You can no longer post new replies to this discussion. If you have a question you can start a new discussion

ARM Neon vs Intel SSE

Hello experts.

Its my first question and it is regarding ARM Neon engine performance compared to Intel SSEx.

Introduction.

I took C-function which performs addition on 16-bit data in array and wrote it using ARM Neon intrinsics,

also the same function I wrote with Intel SSE intrinsics, I executed these two versions on appropriate platforms and

measured execution time.

On Intel platform (under Ubuntu OS) I used Time Stamp Counter (RDTSC instruction), I did many executions to calculate mean time of function execution in first case written on C and in second written on C + SSE intrinsics.

On ARM platform (under Android OS) I used library function clock_gettime (time.h) to get execution time, CLOCK_MONOTONIC parameter was used in function call

clock_gettime to get monotonic time, I did the same mean time measurements in first case for C code and in second case for C + Neon intrinsics. Timer resolution on device was coarse-grained, under tests I revealed that 1 step of counter is 50 nanoseconds. Also I want to note that architecture of processor core on device is CortexA-75 (out-of-order).

On both platforms application was executed in single thread under OS.

Intrinsics were the same, for SSE it was _mm_adds_epu16, for Neon it was vqaddq_u16

After measurements I saw difference in execution time:

1) C-function + SSE compared to simple C-function -> ~ x6 times of speed up

2) C-function + Neon compared to simple C-function -> ~ x3 times of speed up 

So the question is next.

Is this maximum speed up, I mean arithmetic not including memory latencies, it is because of Neon engine hardware limitations? Neon is slower than SSE?

I saw from ARM Cortex-A75 software optimization guide that Aarch64 UQADD take 3 cycles,

the same Intel SSE instruction paddusw takes 1 cycle, so can I conclude that Neon is slower than SSE? 

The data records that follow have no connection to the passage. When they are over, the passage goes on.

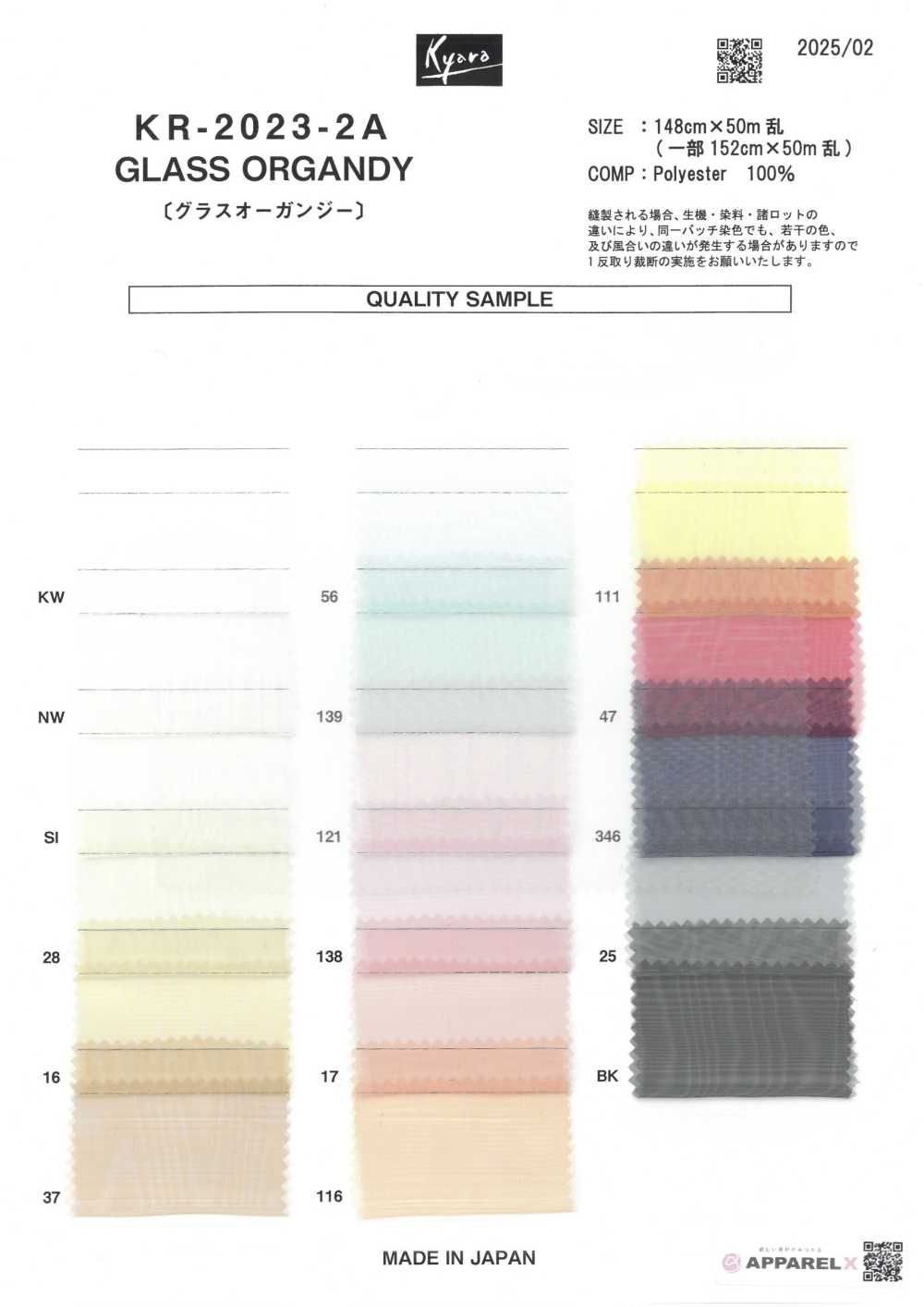 KR-2023-2A أورغانزا زجاجي[نسيج / قماش] Kyara Fabric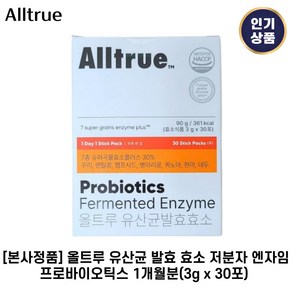 [본사정품] 올트루 I 유산균 발효 I 효소 저분자 엔자임 분말&곡물 alltrue 프로바이오틱스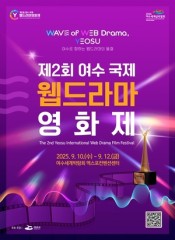 2025여수국제웹드라마영화제 출품작 2배 가량 증가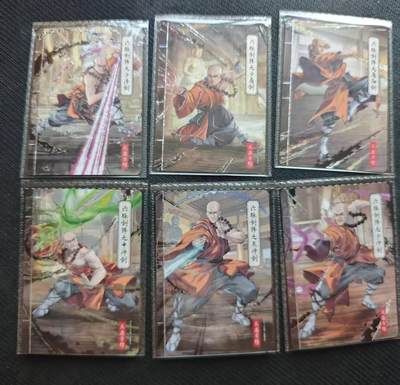 龙虎卡牌第六一场 （无佣金，单场满200元包邮，欢迎送拍） - 卡片6张全 卡游天龙八部 六脉神剑pr 一套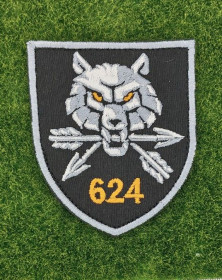 Інше Другое ^/--/^ Шеврон Украина 624 ССО Вовк № 1626 ^_^^^ Шеврон Україна 624 ССО Вовк No 1626 - фото фото фото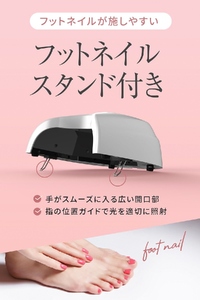 36Wクレッシェンド ハイブリッドLEDランプ コードレス (バッテリー内蔵) SHINYGEL professional ｜UV+LED 硬化熱軽減 センサー搭載 ネイルライト LEDライト シャイ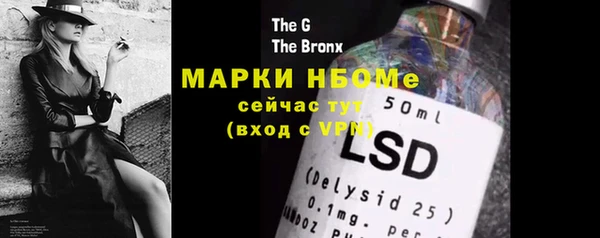 MDMA Premium VHQ Аркадак
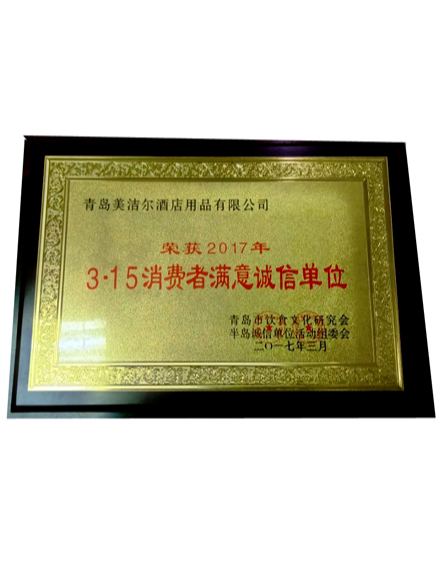 2017年3·15消費(fèi)者滿(mǎn)意誠(chéng)信單位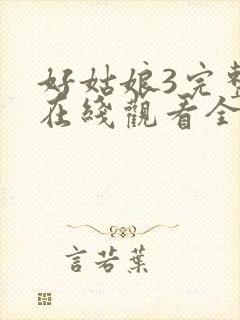 好姑娘3完整版在线观看全集高清封面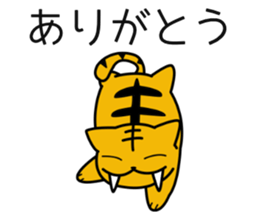 Kibatora sticker #10282700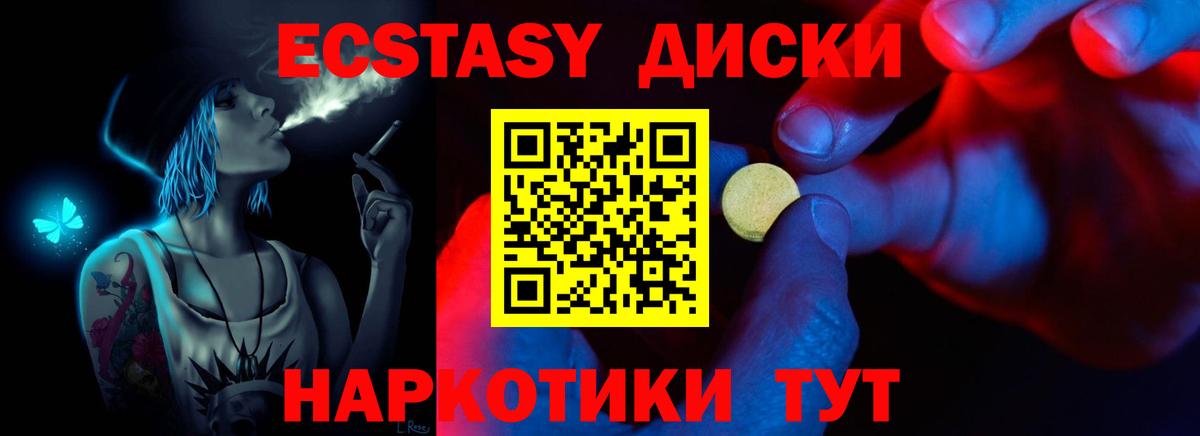 Ecstasy mix  Брянск 
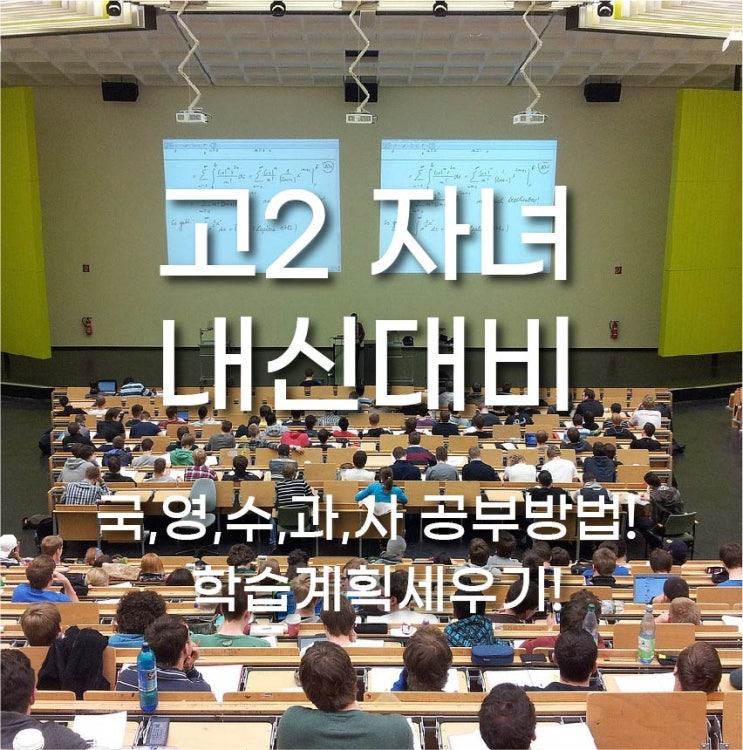  내신대비 계획 - 국,영,수,과,사 공부방법!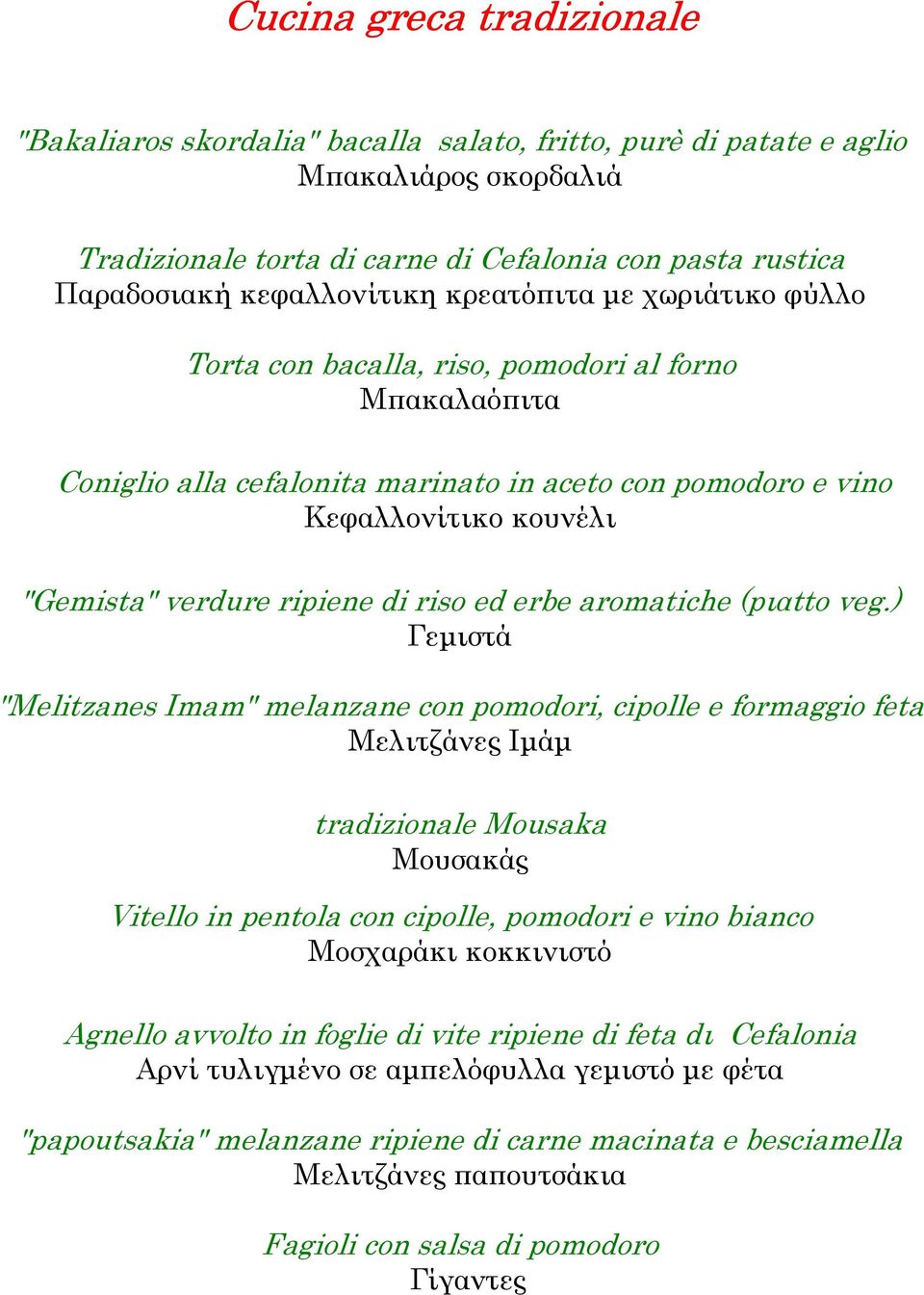 verdure ripiene di riso ed erbe aromatiche (pιαtto veg.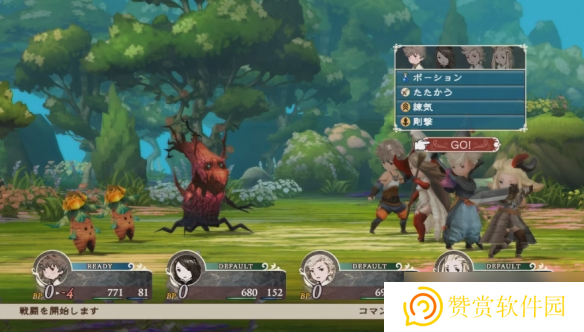 《勇气默示录重制版》公开新小游戏与Switch2鼠标操作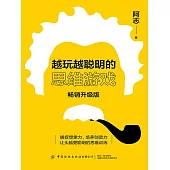 越玩越聰明的思維遊戲（暢銷升級版） (電子書)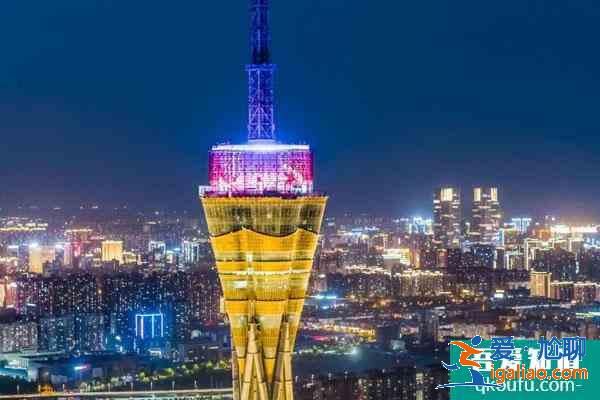 2022鄭州跨年倒計(jì)時(shí)在哪里 鄭州元旦跨年活動(dòng)？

  • You are talking about "speed-up". But if the x64 C code is bad then this might result in a better speed-up as compared to the ARM version.
    So in order to really compare both, you need to have the absolute timing of both and then be sure to normalize the results.

    How many SSE units are in the x64 CPU? How many NEON units in the CA75?

    Did you pay attention to fill the pipeline and avoid stalls?

    I think, there are so many screws to turn, that a simple comparison might be unfair.

    Anyway, checkout xhash on github. It is optimized for NEON and SSE2 and might also give a good hint.